SOURCE DATA:
------------------------

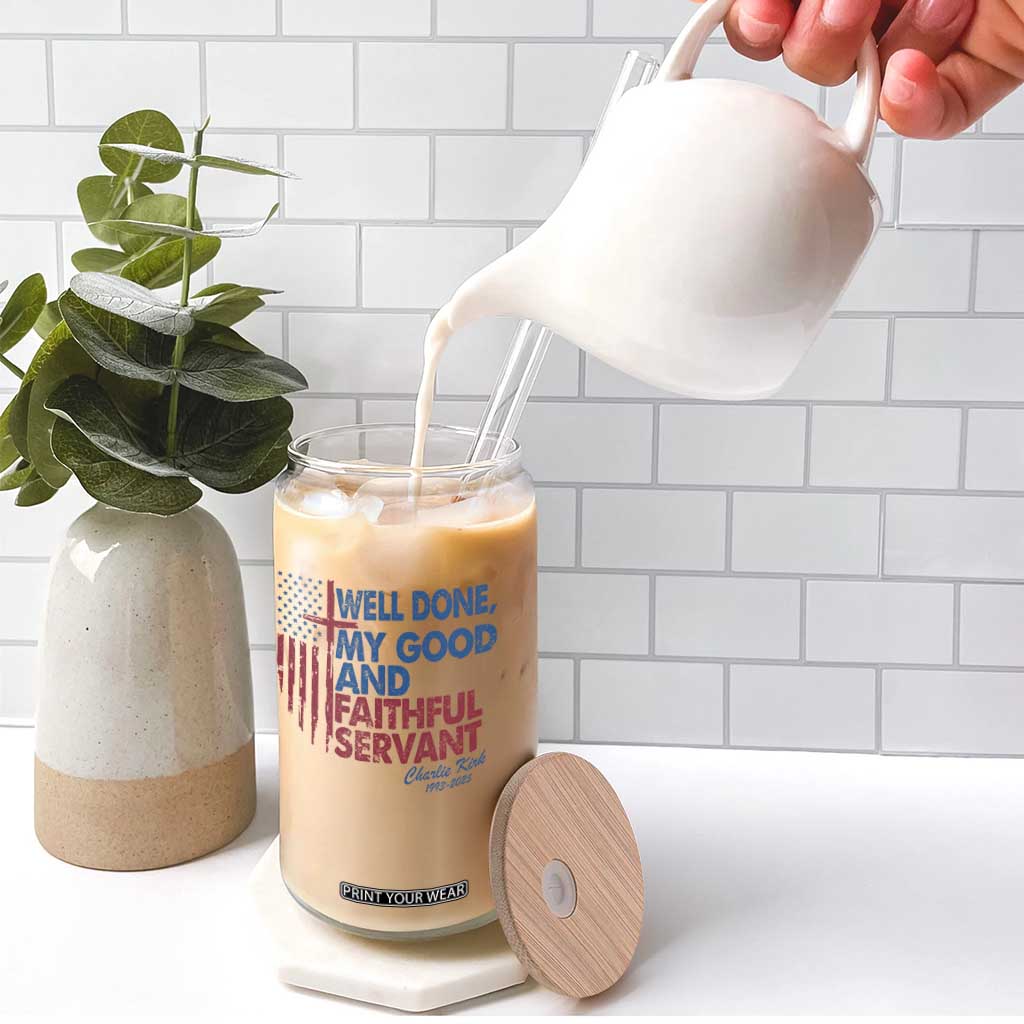 Charlie Kirk Glass Can Fear Not Mens Christian Memorial Tribute Charlie Cross US Flag TS10 Print Your Wear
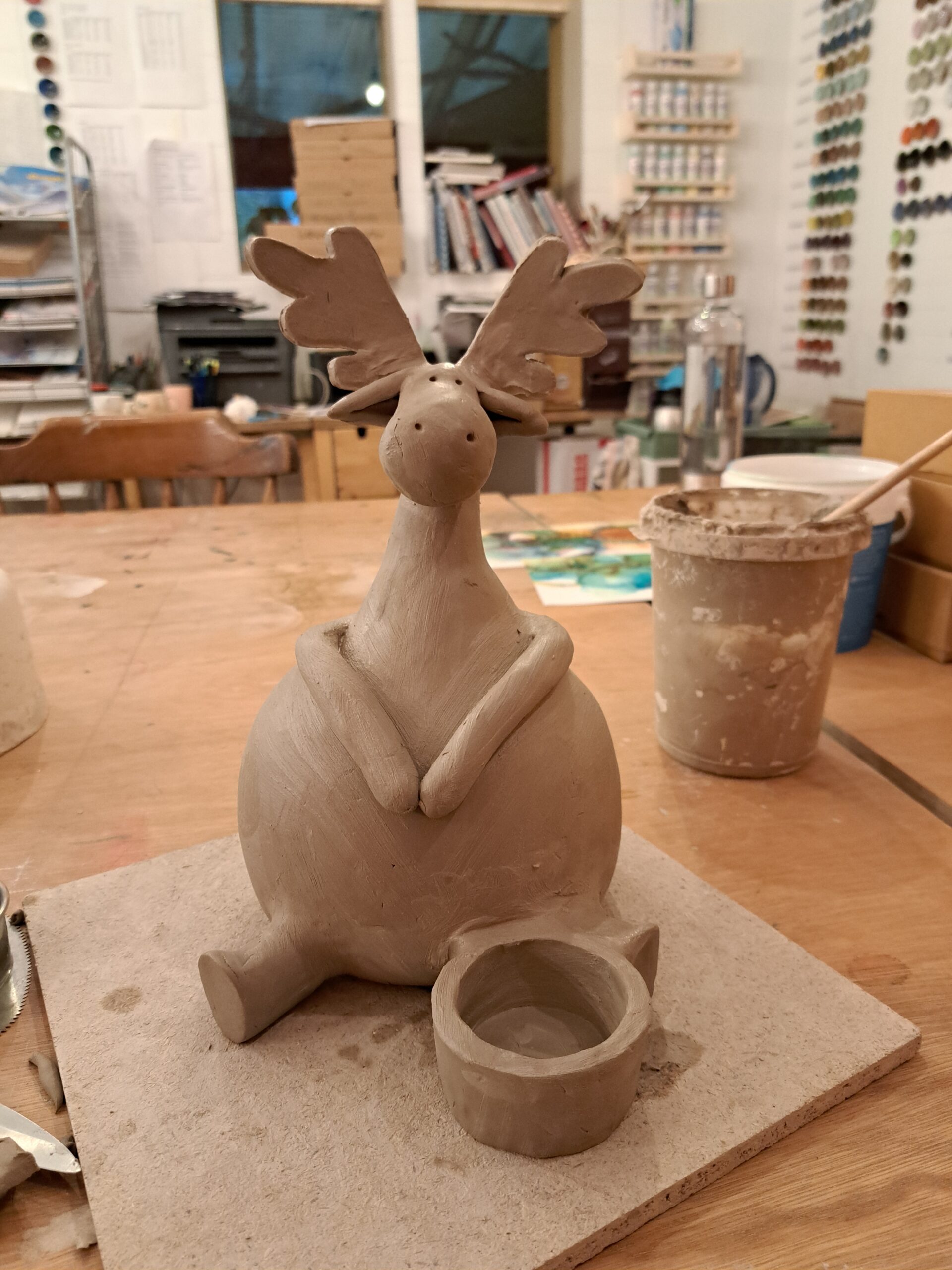 Keramiek tutorial: Van klei naar eland: een wild avontuur!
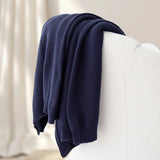 Sia Cotton Seedstitch Knit Throw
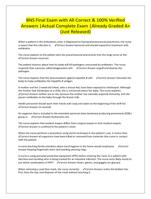 BNS Final Exam with All Correct & 100% Verified Answers |Actual Complete Exam |Already Graded A+ (Just Released)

------------------------

Print each line above exactly as it appears, excluding all images.

 Charlie Kirk Glass Can Fear Not Mens Christian Memorial Tribute Charlie Cross US Flag TS10 Print Your Wear
 Keramiek tutorial: Van klei naar eland: een wild avontuur!
 Sia Cotton Seedstitch Knit Throw
 BNS Final Exam with All Correct & 100% Verified Answers |Actual Complete Exam |Already Graded A+ (Just Released)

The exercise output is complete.